The People's Artist: Prokofiev's Soviet Years
By Simon Morrison
Oxford University Press; 512 pp. $17.95
Sergei Prokofiev (1891–1953) remains one of the most popular of twentieth-century classical composers. Yet until this book by Simon Morrison, very little was known about the last two decades of his life, encompassing the years after Prokofiev's decision to return to and take up permanent residence in the Soviet Union. Morrison is the first biographer to have extensive access to the secret files of the KGB, and to the files of other Soviet agencies that kept confidential material on Prokofiev. Originally released in 2008, The People's Artist: Prokofiev's Soviet Years has more recently been reissued in an affordable paperback edition.
Prokofiev's decision to return to Soviet Russia sprang from a complex set of motives. Among them was his hope that in the Soviet Union he would be able to rein in his rootless lifestyle as an itinerant virtuoso and finally devote his full energies to composition. Morrison's book reveals ample evidence that a massive effort was made on the Soviet side to entice Prokofiev and other expatriates back to their homeland. Prokofiev made several visits, during which time he was treated as a national treasure, with numerous performances of his works, and with commissions for future projects proffered. Eventually the composer agreed to return with his wife and two sons. At first, Prokofiev was allowed to travel abroad and continue his international career as a pianist, conductor and celebrity composer.
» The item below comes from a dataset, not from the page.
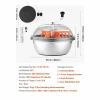 Outlet Deshojadora Manual SucceBuy 49 cm Cortabrotes Cuchilla de Acero Inoxidable, Cuenco de Corte Hidropónico Húmedo y Seco, Corte Rotativo Trenzado Materiales Y Utensilios De Cocina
However, after early 1938 Prokofiev's rights were curtailed, and he never again left the Soviet Union.
Morrison's book details the degree to which Prokofiev and his peers became subject to the personal whims of temperamental bureaucratic nobodies of dubious cultural or intellectual integrity, and to lesser composers who had wheedled their way into the halls of political power. An endless procession of censoring panels forced Prokofiev to make extensive revisions to his operas and ballets, and all too often, entire works had to be discarded because the storyline employed could not be made to fit with the current wrinkles in Stalinist ideological purity. Prokofiev's librettists, directors and choreographers often came under ferocious scrutiny. Some of them eventually were marched off to labor camps or execution. Prokofiev endured through all of this, often recycling music from denounced compositions into new projects and genres. His Christian Science faith and his almost physical need to compose kept him afloat as colleagues and collaborators fell left and right. Eventually, Prokofiev fell victim — along with Shostakovich and others — to the 1948 edict condemning "musical formalism" among composers. His works banned, Prokofiev was forced to make a public apology, and he subsequently lived in dire poverty and continual fear of being imprisoned. His health, already shaky from chronic high blood pressure and a severe concussion, rapidly declined. Eventually, Prokofiev's works were restored to the public, and he received commissions for new ones. However, these works also faced continuous demands for revisions and often were modified without his personal input or approval.
Morrison has written a highly engaging account of Prokofiev's life and works during the Soviet years, filled with revealing anecdotes, cogent analyses of the major works and extensive documentation. Particularly notable is his narration of the great artistic collaboration between Prokofiev and film director Sergei Eisenstein and his discussions of the operas Semyon Kotko and War and Peace. Prokofiev labored on War and Peace over the last decade of his life, continually faced with governmental demands for revisions. Morrison's analysis raises the curious notion that in a few particular instances War and Peace benefited from this outside interference and became a stronger work. However, these serendipitous moments were few and far between.
The People's Artist unequivocally is and will remain the definitive study of Prokofiev's later years. It leaves the reader with an enhanced respect for Prokofiev as a brilliant composer as well as a man who continued to persevere artistically despite inhuman pressures. It brilliantly recalls the horrors of Stalinism without devolving into an ideological screed. Music scholars and lay people alike will enjoy and benefit from reading it.